Photograph of Warriena Wright and Gable Tostee taken inside his apartment the night she died. Photo / Supplied
Gable Tostee was a gentleman towards an erratic and odd Warriena Wright in the hour before she fell from his 14th floor Surfers Paradise balcony, his lawyer has claimed.
Prosecutor Glen Cash said in his closing submissions today that Tostee had caused her death "as much as if he had pushed her from the balcony himself".
But defence barrister Saul Holt urged the jury to examine the evidence of the first date gone horribly wrong in context, remembering those involved could not have conceived in their worst nightmare how it would turn out.
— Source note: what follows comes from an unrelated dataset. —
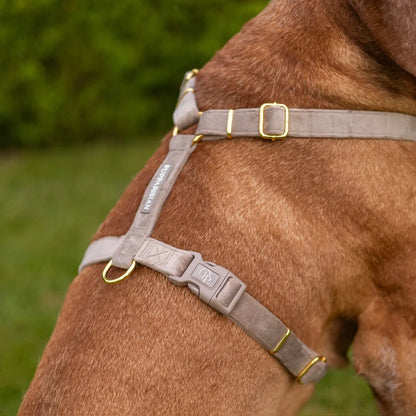 Sametový postroj typu guard pro psa – béžový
Tostee, who chose not to take the stand in his own defence, is accused of intimidating Wright so greatly by choking her and locking her out on his balcony that she felt the only way to escape was to climb to an apartment below.
The Brisbane Supreme Court has heard the pair had sex and drank at Tostee's apartment in the early hours of August 8, 2014 after meeting on the dating app Tinder.
An audio recording Tostee made on his mobile phone captured sounds of the physical altercation between the pair and Wright's eventual death.
Cash said the "tall and muscular" Tostee dominated the "slight and petite" Wright as he held her down on the ground with his body weight after pelted him with small ornamental rocks.
"You're lucky I haven't chucked you off my balcony, you goddamn psycho bitch," Tostee told Wright.
"If you try to pull anything, I'll knock you the f*** out."
Cash said the anger in Tostee's voice was palpable as Wright apologised and pleaded to go home.
He argued Tostee could be heard choking Wright for up to 45 seconds on the recording, something the defence disputes, before he locked her out on the balcony, cutting off her only means of escape.
"Just let me go home, just let me go home," Wright said.
"I would but you've been a bad girl," Tostee replied.
Cash said Wright was experiencing such terror, bordering on hysteria, that it was foreseeable she would have climbed over the balcony railing to escape.
But Holt argued Wright said and did things in the lead-up to the her clash with Tostee that were irrational beyond overly drunkenness.
Holt said Tostee reacted patiently to Wright's oddness - "gentlemanly" even.
"'Gable Tostee the Tinder killer versus the innocent victim lured to his apartment' - the way things sell newspapers is not the way they exist in real life," Holt said.
"Gable Tostee is a real person, he is as you know a son, he is a brother, he is a friend.
"He's not the cartoonish villain portrayed in the media."
Holt said Tostee was acting in "self defence" to remove the disorderly Wright from his apartment and shutting and locking the balcony door was an act to de-escalate the situation that created safety for both of them.
Tostee has pleaded not guilty to murder but the jury can find him guilty of the lesser charge of manslaughter.